Just another traveler on life’s highway hanging out in the slow lane.  It’s quiet.  It’s peaceful.  Beyond the horizon is rest calling my name.  Green pastures, still waters, my cup overflows.

By now everybody has been wearied by Christmas.  Can’t wait to take down the decorations (Lord knows they’ve been up since the day after Thanksgiving), put the tree back up in the attic, exchange all those stupid sweaters and pen sets you got for something you really need, and clean house preparing for New Year’s Eve celebrations.

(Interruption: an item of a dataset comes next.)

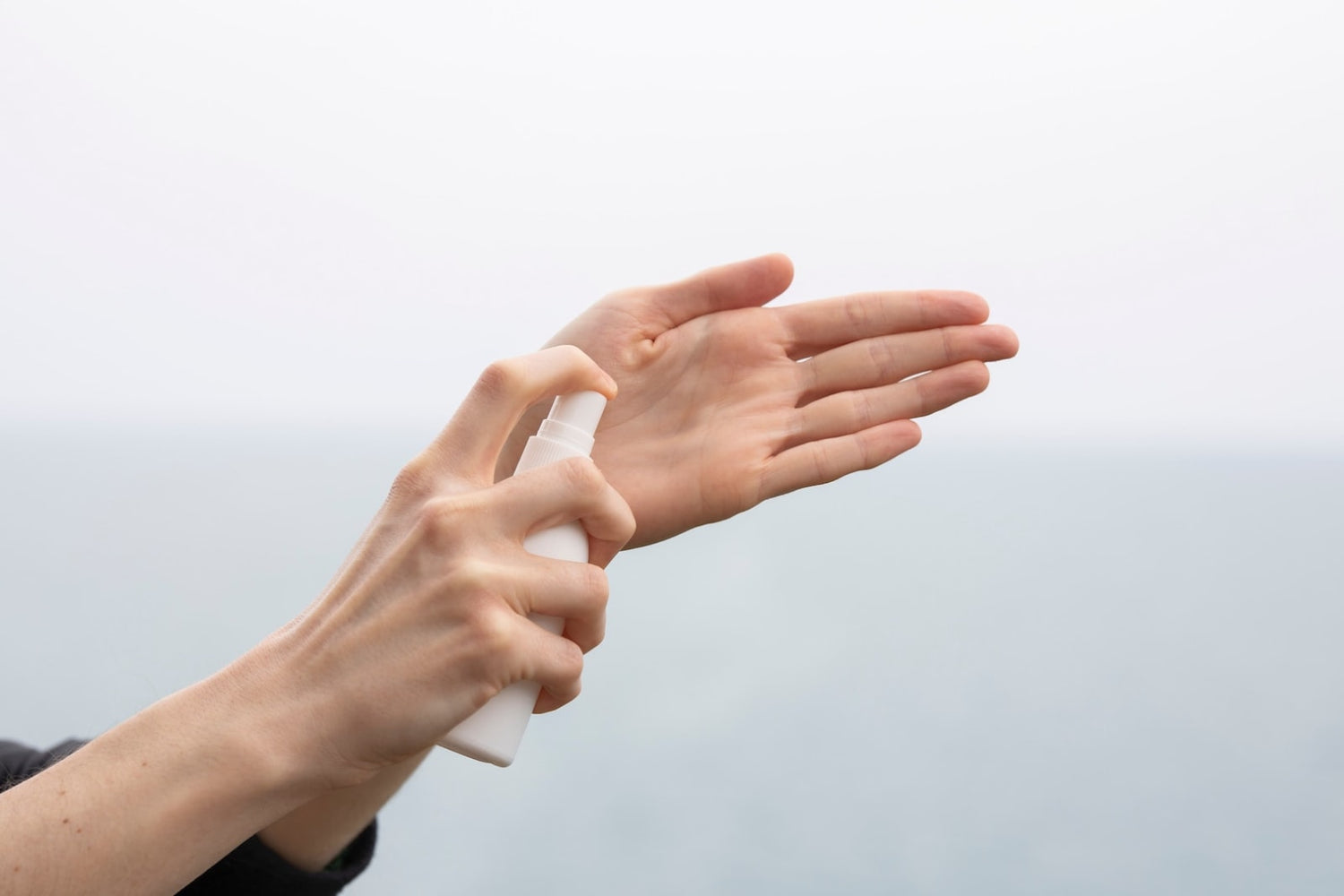 Woman putting hand sanitizer onto her hand after following LĒVO's DIY natural hand sanitizer recipe.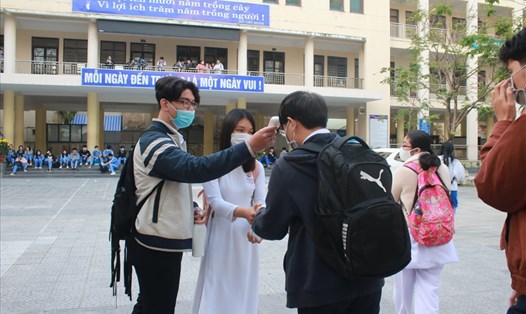 Trở lại trường sau Tết, học sinh Đà Nẵng xếp hàng đo thân nhiệt. Ảnh: TT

Whoa!  What’s the rush?  We are in Christmastide now.  What?  You never heard of the 12 days of Christmas.  Yeah, aside from the partridge in the pear tree there is a liturgical calendar which says those 12 days run from December 25th to January 6th of 2019.  This is when the commercialization and the hectic pace of pre-Christmas insanity finally takes a back seat to a season of fully appreciating the birth of Jesus.  Christmastide ends on January 6 with the feast of Epiphany.

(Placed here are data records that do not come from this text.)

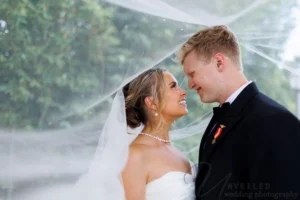 Bride and groom sharing a romantic moment under wedding veil outdoors in Balboa Park wedding photography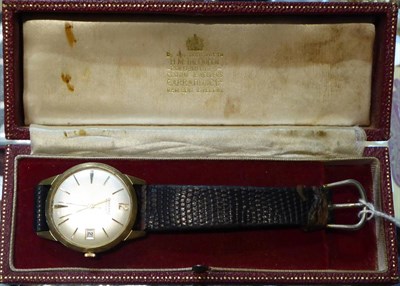 Lot 425 - A gent's 9 carat gold Garrard watch with original box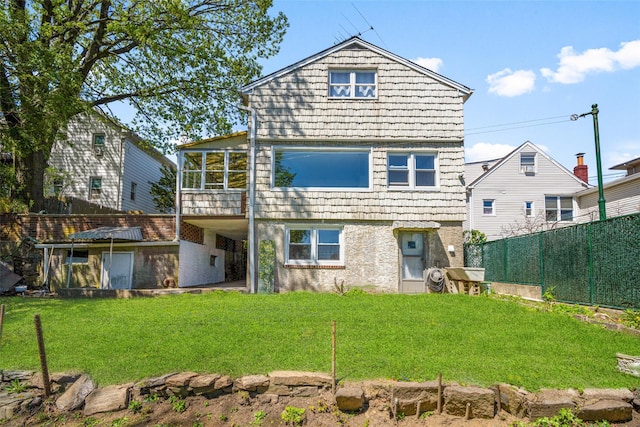 120 Loomis Ave, Yonkers, NY 10704 - rear view of house with a sunroom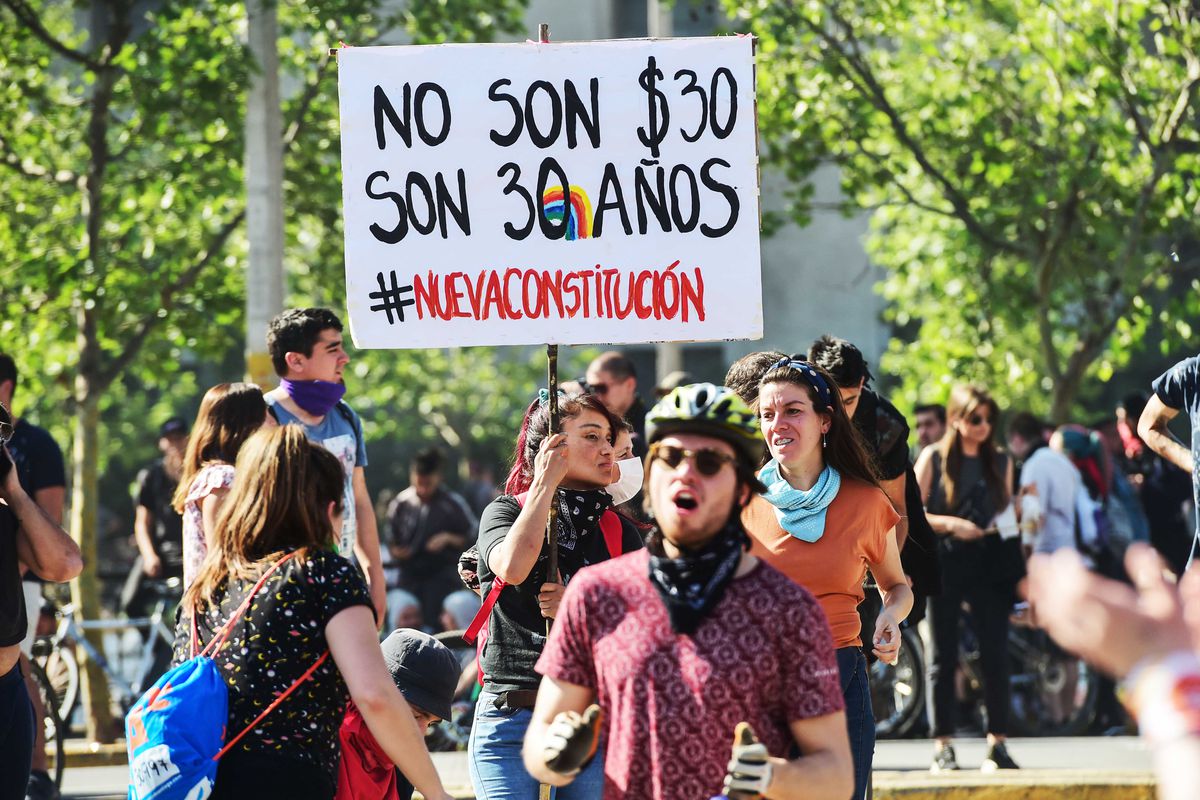 A protester in Chile holds a sign reading, “No son $30, son 30 anos #nuevaconstitucion.”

If you love your decorations and the nativity scene, just tell your complaining neighbors or your wife that it is perfectly proper, liturgically, to keep those joys of Christmas on display at least until January 6th.  If they should lament having to see your lights and wreaths and tree and the baby Jesus on the front lawn another 12 days, inform them that the Catholic Christmastide lasts for 40 days into February and you are considering converting to Catholicism.

No, don’t do that.  I am being facetious.   The official church calendar calls this period the ‘octave of Christmas’, because in those 12 days are 8 solemn days of rejoicing, days emphasized by particular joy, lavishness, pomp, and glory.  These are days to shout Hallelujah, meaning ‘praise ye the Lord’.  And why is that?  Because the baby whom we celebrate, literally or symbolically, has changed the world unlike any other event, or story, in history.

“Praise ye the Lord.  O give thanks unto the Lord; for he is good: for his mercy endureth for ever.” Psalm 106:1

I like that.  There is something comforting, something joyful in knowing that we trust a good, merciful God who sent us a baby, the greatest story ever told, to teach the world how to love. HALLELUJAH!